| Material provided |
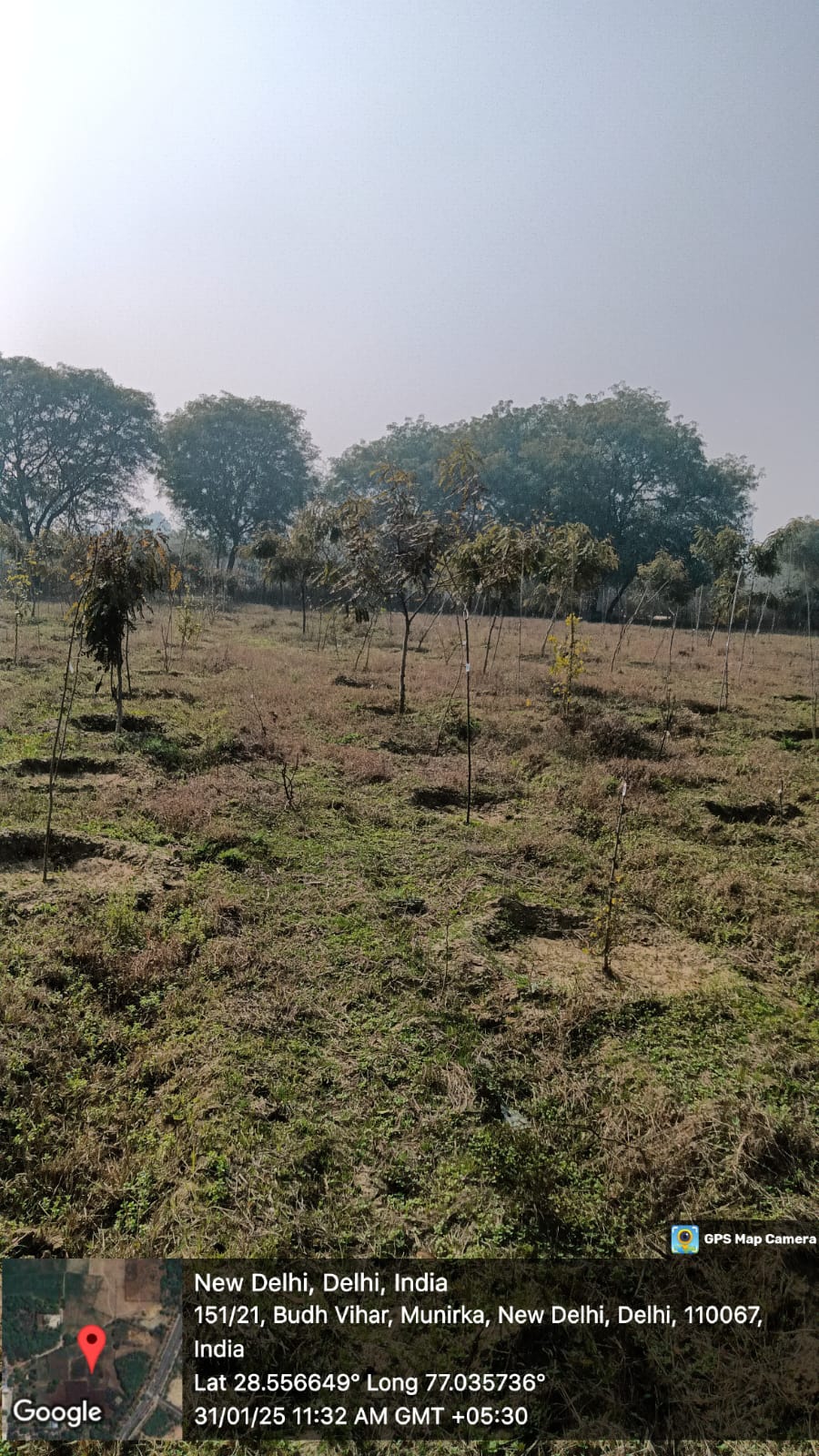 Compensatory Afforestation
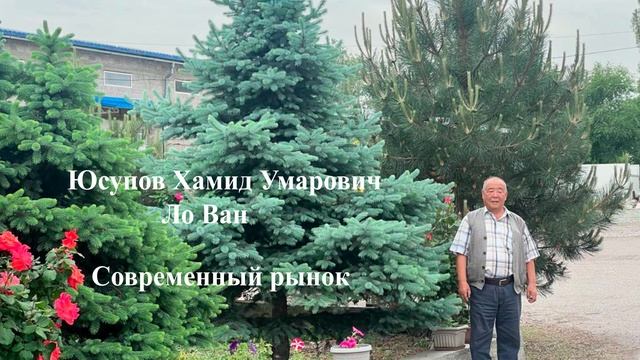 Юсупов Хамид Умарович (Ло Ван) - Современный рынок смотреть онлайн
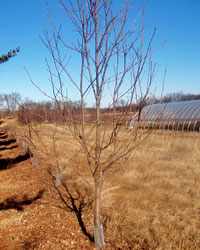 uncommonfruit.cias.wisc.edu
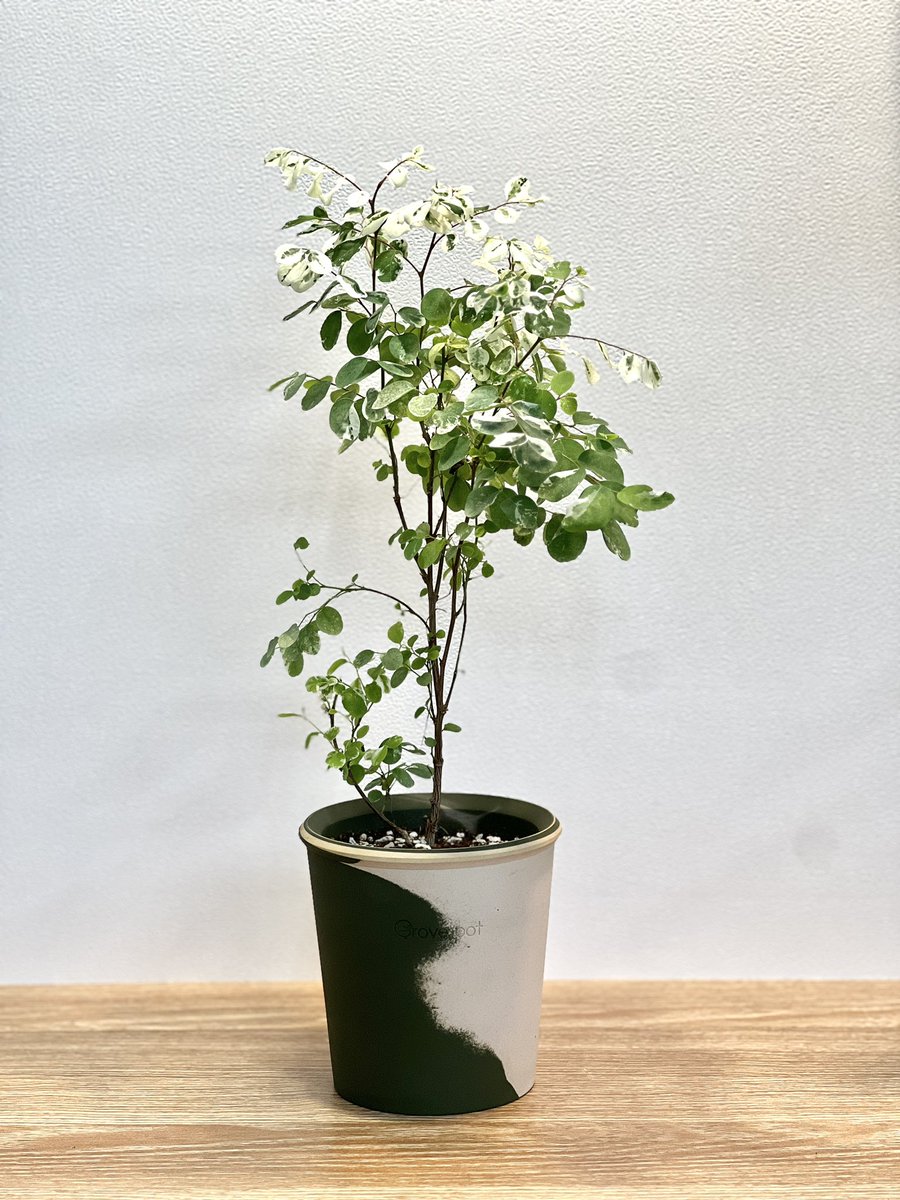 grove_pot tweet picture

| Your assignment |
Could you give the listing again exactly, minus its pictures?

| Task response |
 Compensatory Afforestation
 Юсупов Хамид Умарович (Ло Ван) - Современный рынок смотреть онлайн
 uncommonfruit.cias.wisc.edu
 grove_pot tweet picture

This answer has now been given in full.